## SOURCE MATERIAL:
┏━━

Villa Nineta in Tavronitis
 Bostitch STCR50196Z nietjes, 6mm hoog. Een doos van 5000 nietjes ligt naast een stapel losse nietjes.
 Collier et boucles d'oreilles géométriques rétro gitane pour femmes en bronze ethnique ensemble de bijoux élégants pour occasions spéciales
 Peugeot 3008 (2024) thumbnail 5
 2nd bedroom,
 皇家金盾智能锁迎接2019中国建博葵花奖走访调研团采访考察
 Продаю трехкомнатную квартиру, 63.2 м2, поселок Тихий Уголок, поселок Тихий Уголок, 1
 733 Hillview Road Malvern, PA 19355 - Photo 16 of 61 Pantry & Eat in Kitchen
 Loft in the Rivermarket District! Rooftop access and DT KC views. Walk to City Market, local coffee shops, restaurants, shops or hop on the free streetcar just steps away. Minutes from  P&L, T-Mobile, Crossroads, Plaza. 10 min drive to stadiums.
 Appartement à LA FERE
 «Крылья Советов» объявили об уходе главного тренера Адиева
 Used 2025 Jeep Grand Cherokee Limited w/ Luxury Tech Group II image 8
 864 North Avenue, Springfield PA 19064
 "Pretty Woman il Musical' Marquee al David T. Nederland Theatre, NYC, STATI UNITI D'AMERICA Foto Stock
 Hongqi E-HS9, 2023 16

┗━━

## EXERCISE REQUIREMENTS:
Transcribe the full listing, matching it exactly.

## WRITTEN REPLY:
Villa Nineta in Tavronitis
 Bostitch STCR50196Z nietjes, 6mm hoog. Een doos van 5000 nietjes ligt naast een stapel losse nietjes.
 Collier et boucles d'oreilles géométriques rétro gitane pour femmes en bronze ethnique ensemble de bijoux élégants pour occasions spéciales
 Peugeot 3008 (2024) thumbnail 5
 2nd bedroom,
 皇家金盾智能锁迎接2019中国建博葵花奖走访调研团采访考察
 Продаю трехкомнатную квартиру, 63.2 м2, поселок Тихий Уголок, поселок Тихий Уголок, 1
 733 Hillview Road Malvern, PA 19355 - Photo 16 of 61 Pantry & Eat in Kitchen
 Loft in the Rivermarket District! Rooftop access and DT KC views. Walk to City Market, local coffee shops, restaurants, shops or hop on the free streetcar just steps away. Minutes from  P&L, T-Mobile, Crossroads, Plaza. 10 min drive to stadiums.
 Appartement à LA FERE
 «Крылья Советов» объявили об уходе главного тренера Адиева
 Used 2025 Jeep Grand Cherokee Limited w/ Luxury Tech Group II image 8
 864 North Avenue, Springfield PA 19064
 "Pretty Woman il Musical' Marquee al David T. Nederland Theatre, NYC, STATI UNITI D'AMERICA Foto Stock
 Hongqi E-HS9, 2023 16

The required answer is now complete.